Naama Barak
April 15

Israeli mathematician and Princeton professor Avi Wigderson is the recipient of the A.M. Turing Award, widely known as the “Nobel Prize of Computing,” the Association for Computing Machinery has announced. 

“A leader in theoretical computer science research for four decades, Wigderson has made foundational contributions to the understanding of the role of randomness and pseudorandomness in computation,” the Association for Computing Machinery said of the choice to award the Israeli mathematician the prize.

“Outside of his work in randomness, Wigderson has been an intellectual leader in several other areas of theoretical computer science, including multi-prover interactive proofs, cryptography, and circuit complexity,” it added.

Wigderson is a professor at the School of Mathematics within Princeton’s Institute for Advanced Study (IAS).

“In addition to his groundbreaking technical contributions, Wigderson is recognized as an esteemed mentor and colleague who has advised countless young researchers.

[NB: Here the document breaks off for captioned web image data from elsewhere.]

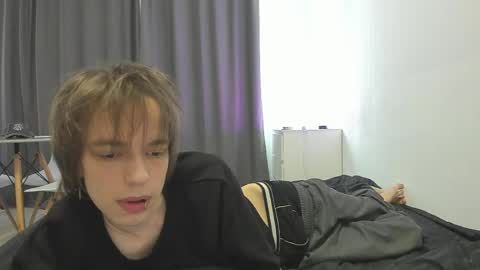 nolan_sagee online show from June 6, 2026, 8:52 am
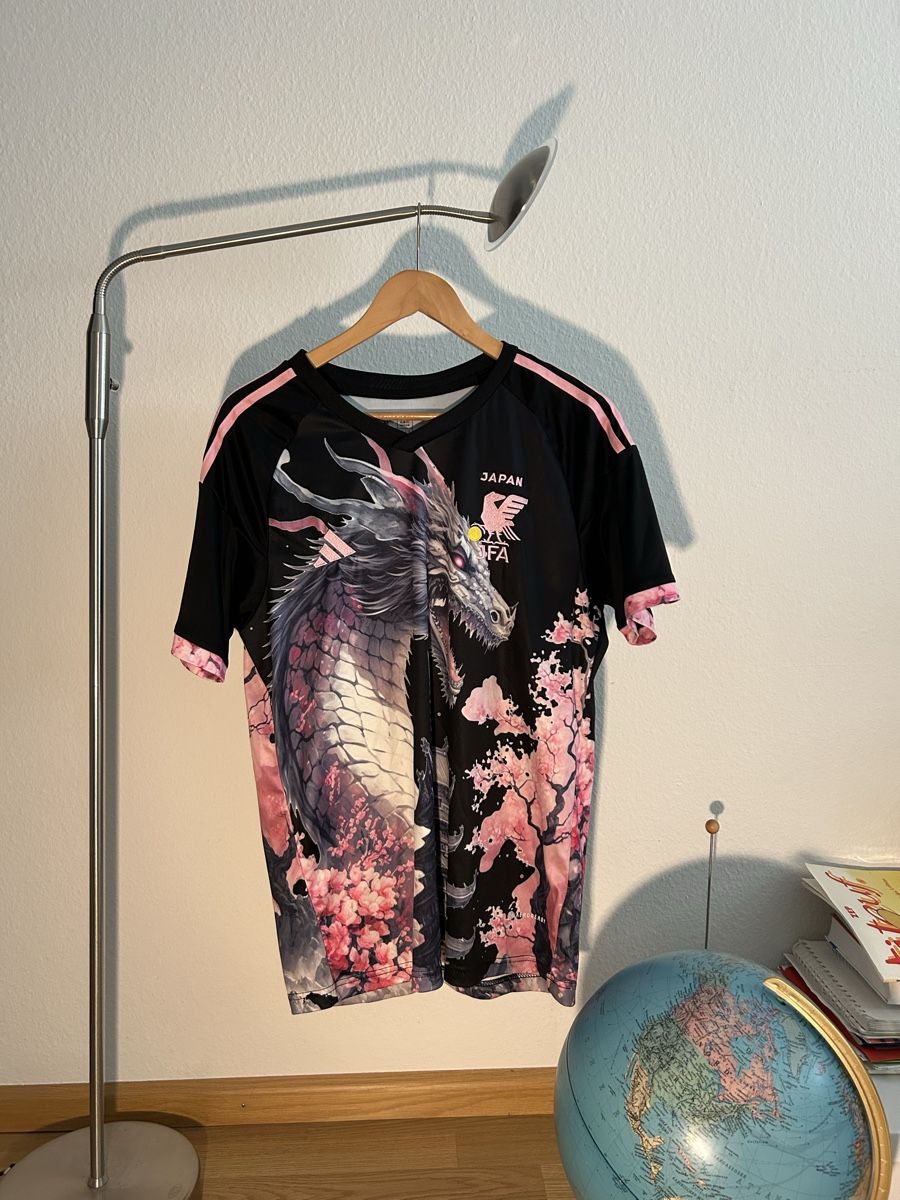 Leibchen & Hosen: Fussballtrikot Japan Drache – Gebraucht aus Reinach BL von the_9lwh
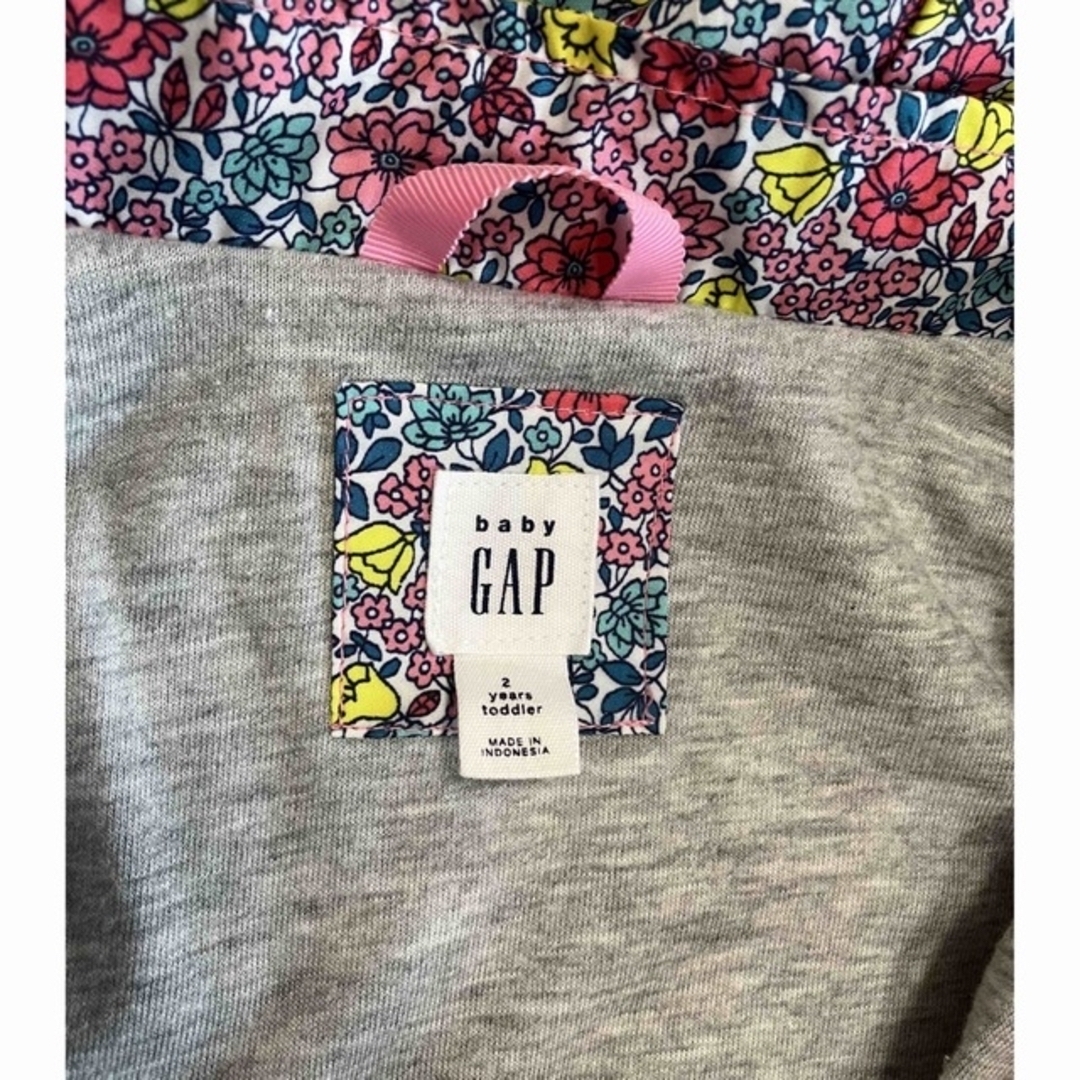 babyGAP(ベビーギャップ)の★ひーちゃん様専用★ baby GAP ウィンドブレーカー 花柄 90 キッズ/ベビー/マタニティのキッズ服女の子用(90cm~)(ジャケット/上着)の商品写真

His vast knowledge and unrivalled technical proficiency – coupled with his friendliness, enthusiasm, and generosity – have attracted many of the best young minds to pursue careers in theoretical computer science,” the Association concluded.

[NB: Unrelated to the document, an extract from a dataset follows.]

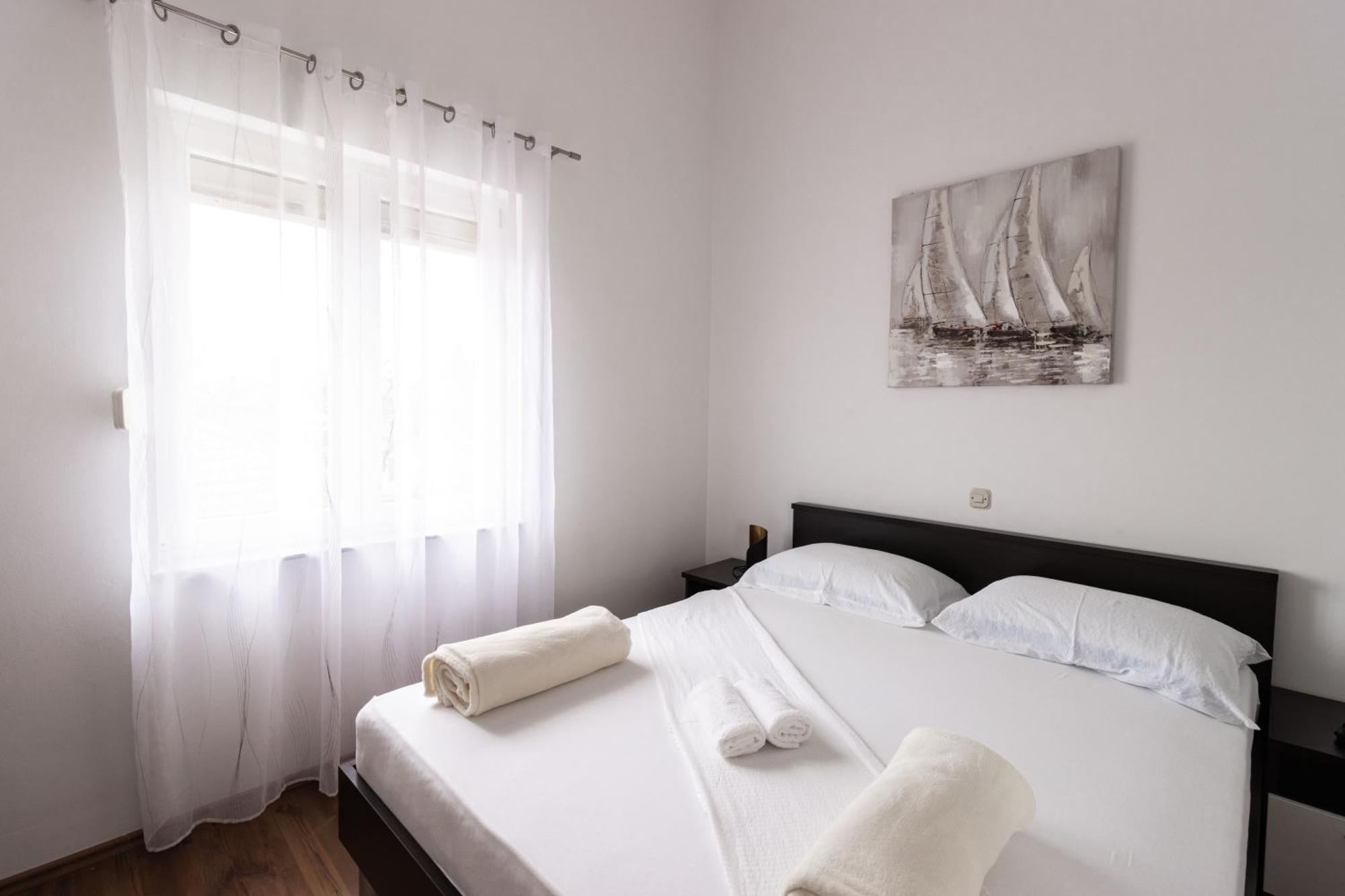 Antonela Apartment Биоград-на-Мору Экстерьер фото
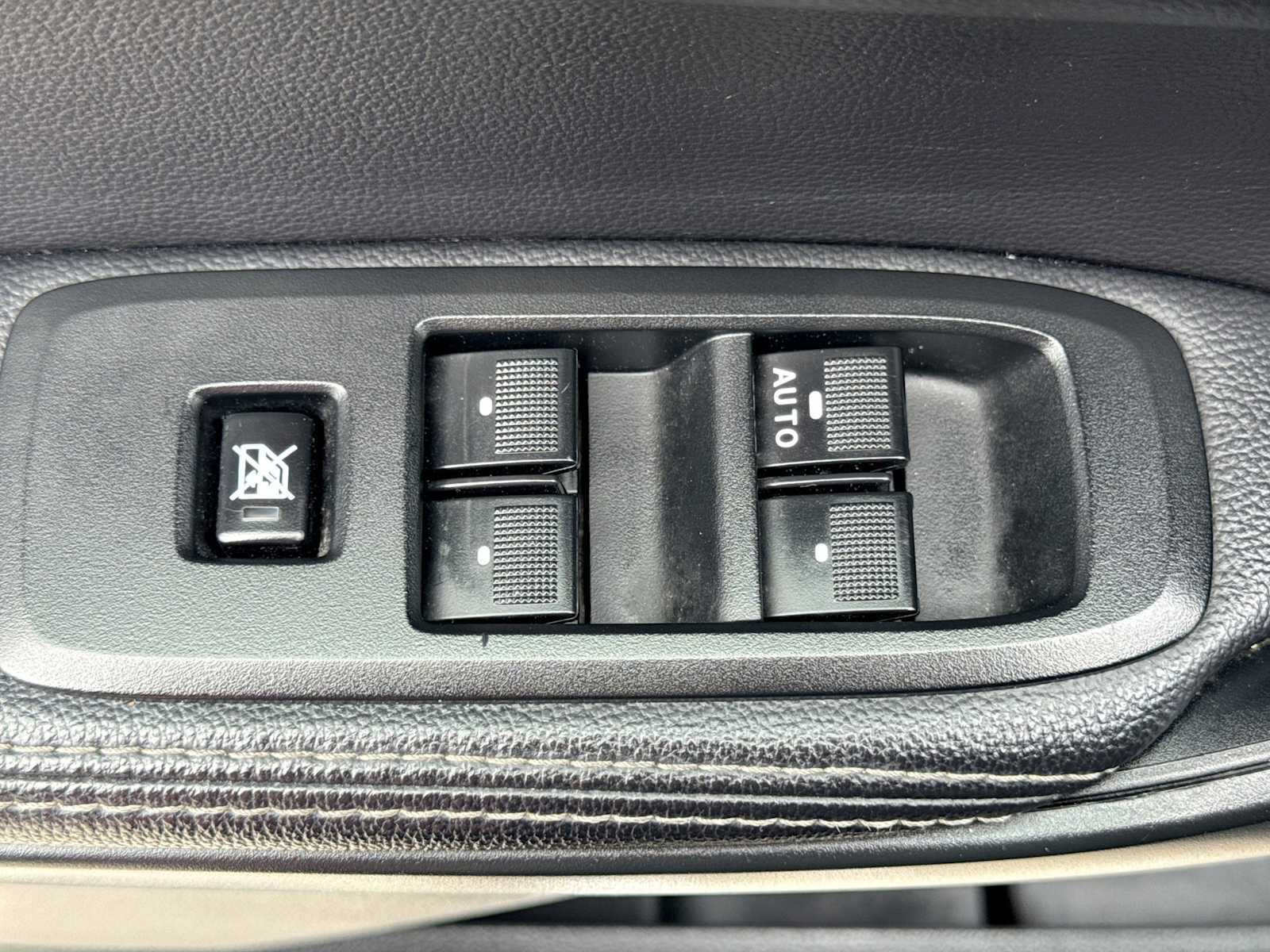 Used 2023 Ford Ranger Lariat w/ Equipment Group 501A High AWD/4WD image 13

Born in Haifa to two Holocaust survivors, Wigderson completed his undergraduate studies in the Technion-Israel Institute of Technology, before continuing his education at Princeton University. Prior to joining the IAS, he was a faculty member at the Hebrew University of Jerusalem.

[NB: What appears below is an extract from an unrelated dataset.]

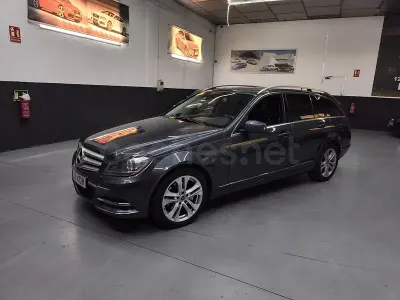 Usado Mercedes C220 Avantgarde 170 CV (125 kW) 2013 Gris / plata Familiar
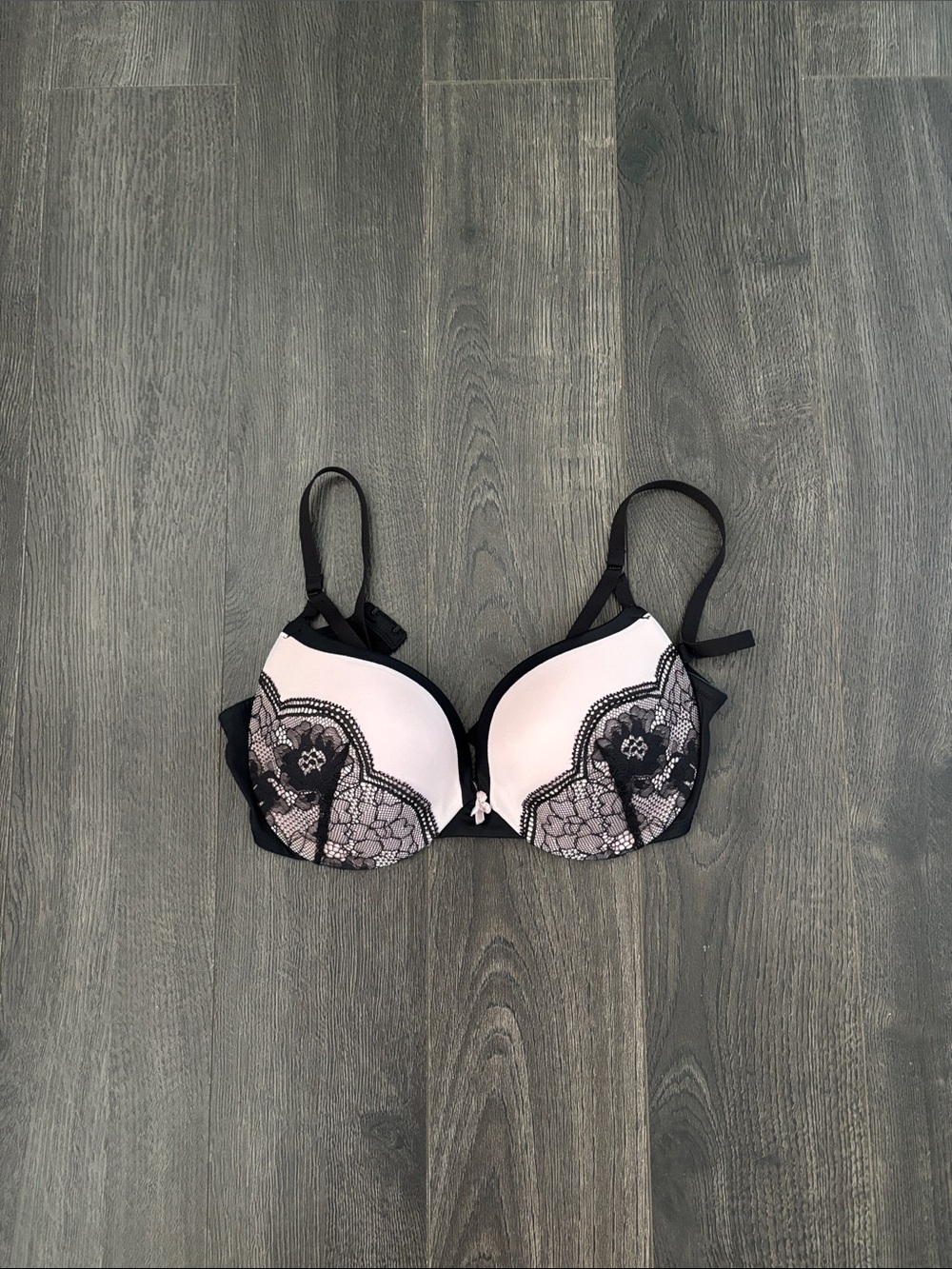 Maidenform Pink and Black Lace Bra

“I am excited that the ACM has again recognized with this award the theory of computation community, which has contributed so much to computing practice and technology,” Wigderson said upon receiving the award.

“I feel lucky to be part of this extremely dynamic community, whose fundamental goals have deep conceptual, intellectual, and scientific meaning, well beyond practical motivations. My four decades in this field have been a continuous joyride, with fun problems, brilliant researchers and many students, postdocs and collaborators who have become close friends.”

The first annual A.M. Turing Award was distributed in 1966. It is named for Alan M. Turing, the British mathematician famous for helping decipher Enigma during World War II. It carries a $1 million prize, supported in recent years by Google.

Previous Israeli winners of the Turing Award include Michael Rabin (1976), Amir Pnueli (1996), Adi Shamir (2002), Judea Pearl (2011) and Shafi Goldwasser (2012).

In 2021, Wigderson won the Abel Prize, a prestigious prize in the field of mathematics that is awarded by the King of Norway. He is the first person to receive both the Abel and the Turing prizes.